Few pictures of my Sachs-Dolmar 143. The transfer ports were a PITA, everything else went as planned (for the most part). I also ported the intake to smooth the transfer between the carb and cylinder and I port matched the muffler to the cylinder and opened the exit port about 30%. Maybe I can get a video of the saw running in the next day or two


----------



## shorthunter

Video of the 143. This was the 9th or 10th test cut after the rebuild. You will notice that the saw starts to run out of fuel 3/4 of the way through the cut. 34" bar spinning .404 chain, 7 tooth sprocket


----------



## Mastermind

The port work you have done here have not made enough difference to run the saw out of fuel. You have other stuff going on.


----------



## shorthunter

That was the 9th or 10th cut on the first tank of fuel, not counting the run time when I did the first few startups. The tank was dry when I pulled the cap


----------



## Mastermind

Oh......I see what you mean.


----------



## blsnelling

For starters, it's tuned considerably too rich. Did you put a kit in the carb? Check the fuel line? Tank vent clogged?


----------



## Mastermind

I didn't watch the video. He didn't do anything I could see that would make any improvement in the saw's performance.


----------



## shorthunter

I had it running rich for the first tank of fuel. I will retune the carb next time I get the saw out. Did a pretty mild port job. Finished product ended up about 3.6 mm wider on the exhaust port. Can't remember the other numbers off the top of my head. Very little change in timing, increased transfer volume and knocked the edges off the back of the transfer port wall Figured this would help give beginners an idea of where to start


----------



## shorthunter

I was pretty limited in what I could do with this saw without replacing the stock muffler and intake but I wanted to give it a little boost in performance through increased efficiency. If you have suggestions feel free to share


----------



## mdavlee

The muffler needs to be opened up and then see where the intake and exhaust ports open.


----------



## shorthunter

good advice mdavlee, that is where I started the process. The way these old Dolmar mufflers are constructed it limits what you can do. Maybe I can get a picture up later. The intake is even more limiting on the 143 but I don't want to pull the intake off just to take a picture


----------



## LegDeLimber

She sounded leaner after the chain catch at the 1:31 mark.


----------



## shorthunter

Couple more cuts with the carb tuned a little closer. Still running a 33" Carlton bar with .404 chain, 7 tooth sprocket.


----------



## HusqyStihl

I understand this is an old thread but if anyone has any trashed jugs i would love to experiment and ease into porting or even just smoothing out before i rip into my good jugs. Usually i work with alot of Stihl 029's, 039's 290's, 390's, Husq 51, 55, 261, 262xp, 36, 350, 455, 372.... Hell, i'll take any kinda junked jugs to mess around with if at all possible. Just for continued education and a little experience.... TIA

~Moose


----------



## Chris-PA

HusqyStihl said:


> I understand this is an old thread but if anyone has any trashed jugs i would love to experiment and ease into porting or even just smoothing out before i rip into my good jugs. Usually i work with alot of Stihl 029's, 039's 290's, 390's, Husq 51, 55, 261, 262xp, 36, 350, 455, 372.... Hell, i'll take any kinda junked jugs to mess around with if at all possible. Just for continued education and a little experience.... TIA
> 
> ~Moose


I think you be best off getting an entire cheap saw to mess with, although probably something with pro construction (I port clamshells but I'm nuts). Something like an Earthquake or any of the Chinese RedMax clones. Then you can play as much as you want and not risk damaging anything valuable. And if you trash the jug you can get another cheap on eBay and try again. Best is that if you get it right you'll actually have a good tool when you are done.
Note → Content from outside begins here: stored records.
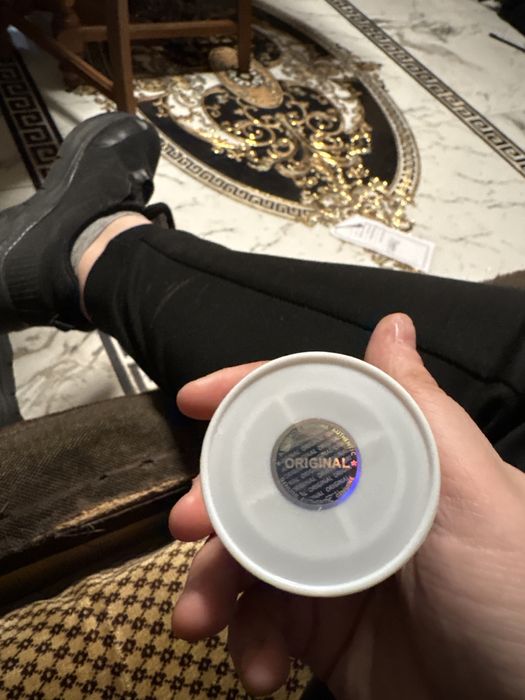 Ata kendama rola 50 metri+ cadou un rulment fier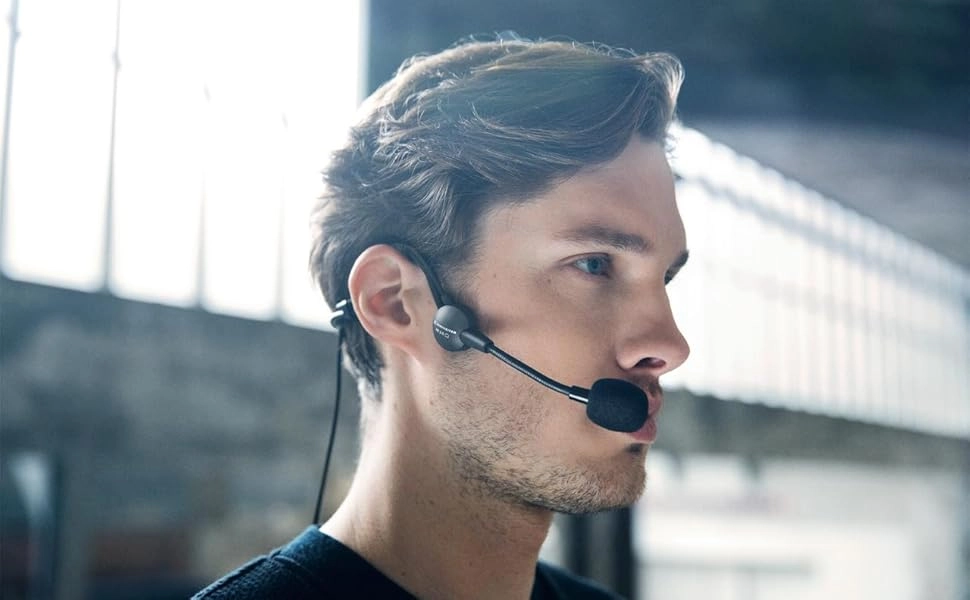 Sennheiser MZW 02-BL, Sennheiser MZW02BL, MZW 02-BL rüzgarlık, sennheiser rüzgarlık, mikrofon süngeri, mikrofon rüzgarlığı, sennheiser mikrofon süngeri, MZW 02-BL sünger, sennheiser windscreen, foam windscreen for sennheiser, sennheiser mic windscreen, sennheiser mzw 02-bl black, shotgun mikrofon süngeri, taşınabilir rüzgarlık çözümü, ses kayıt için rüzgarlık, rüzgar kesici mikrofon aksesuarı, broadcast için rüzgarlık, rüzgar önleyici sünger sennheiser, DSLR mikrofon rüzgarlığı, rüzgarlı ortamda ses kaydı, video prodüksiyon mikrofon aksesuarı, sennheiser uyumlu rüzgarlık, kompakt mikrofon süngeri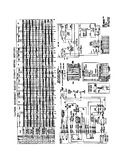 Diagram for 06 - Wiring Diagram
You could start with a used "good" saw, but parts will be expensive and you'll still be hesitant to try stuff.


----------



## huskihl

Chris-PA said:


> I think you be best off getting an entire cheap saw to mess with, although probably something with pro construction (I port clamshells but I'm nuts). Something like an Earthquake or any of the Chinese RedMax clones. Then you can play as much as you want and not risk damaging anything valuable. And if you trash the jug you can get another cheap on eBay and try again. Best is that if you get it right you'll actually have a good tool when you are done.
> 
> You could start with a used "good" saw, but parts will be expensive and you'll still be hesitant to try stuff.
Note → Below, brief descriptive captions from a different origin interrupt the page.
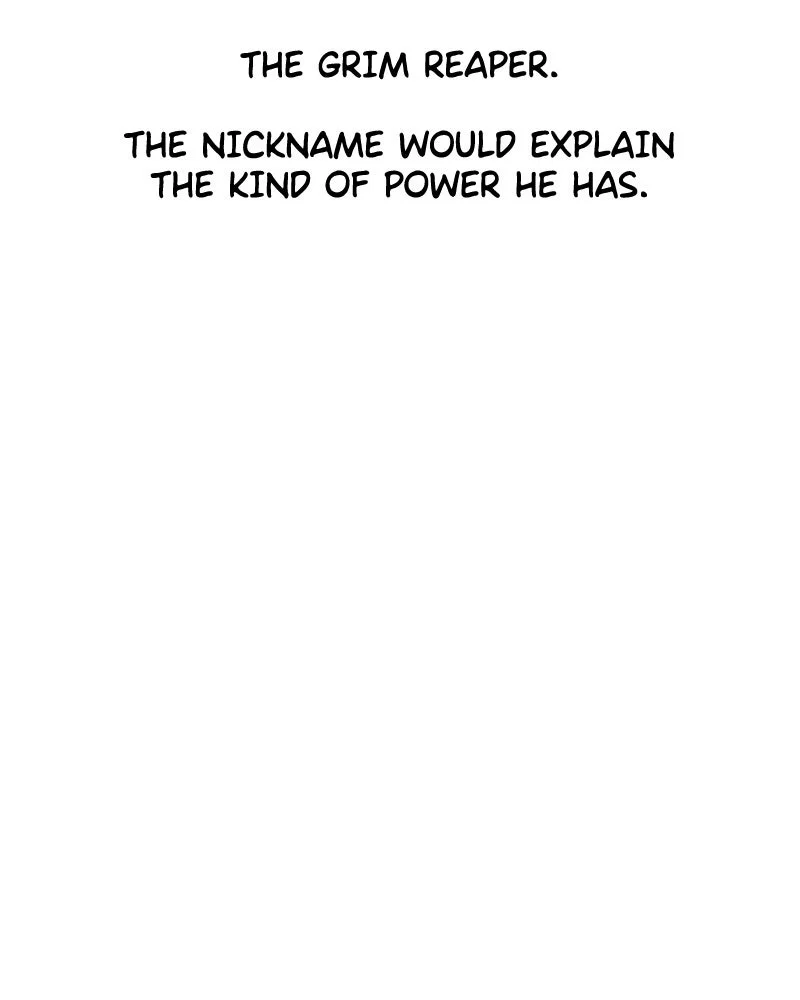 A Man's Man Chapter 106 - Page 80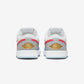 Jordan 1 Low SE Philippines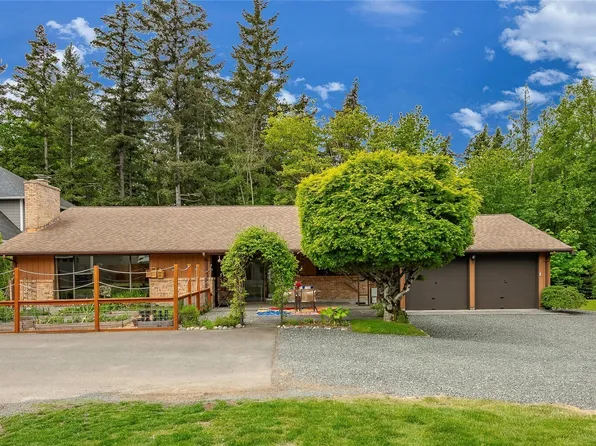 1202 Telegraph Road, Bellingham, WA 98226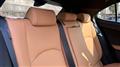 2025 Lexus UX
Or find the cheapest replacement cylinders on ebay and buy that saw. My jred 625 has a ported huztl 272xp cylinder on it and runs much stronger than when it was a 625. For $30 I didn't care if I killed it. I milled with it last week and it was "acceptable". 
Some cylinder kits are cheaper yet.
Not personal experience, but I wouldn't go less expensive than huztl. Reports of poor quality go way up after that


----------



## HusqyStihl

Ive got a couple 290 runners but doubt id wanna port them at first attempt. Maybe if i had some junk jugs to give it a shot first... Maybe ill find some. I do have some recently blown 390 A/M tops. Maybe ill screw with them


----------



## huskihl

HusqyStihl said:


> Ive got a couple 290 runners but doubt id wanna port them at first attempt. Maybe if i had some junk jugs to give it a shot first... Maybe ill find some. I do have some recently blown 390 A/M tops. Maybe ill screw with them


My ms310/039 was my 2nd port job. Oem timing was rather aggressive Imo for a plastic saw. Exhaust was at 160° duration before I started. I widened the exhaust and intake to within 1.5mm of the skirt and lowered the intake some. Took that saw and a stock 039 to the pile (both were timed before the mods and we're identical) and I gained about 15%. A few holes in the muffler and enlarging the hole in the deflector are a must.


----------



## kwhite87

BUMP


----------



## husqvarna addict

Hello I need some opinions on intake port duration. I have an older dirt bike cylinder that I am going to add boyesen ports to it to increase fuel and air into the transfers area and it has reeds on this model. I am wondering if I could add the boyesen ports to a chainsaw piston port cylinder or would it just spit air and fuel back out the carburetor? Has anyone attempted this on a chainsaw, hope to hear back thanks.


----------



## Way2Slow

Looking for a place to ask this and here looks like a good place.
What do ya'll use to do transfer ports in these small cylinders? I have C.C. Specialties 1MC and 3MC right angle heads I use on boat motors but these are too large for the transfer ports in a 48mm MS360 port I'm wanting to do.
I'm retired now and basically gotten out of the porting business and really don't care to buy their 300AMC @ $400 just to do one or two cylinders for one chain saw. Years back I bought a small pneumatic right angle grinder when they first came out for $100 to play with but that cheap thing broke fairly quickly and I see they are wanting $300 for those now.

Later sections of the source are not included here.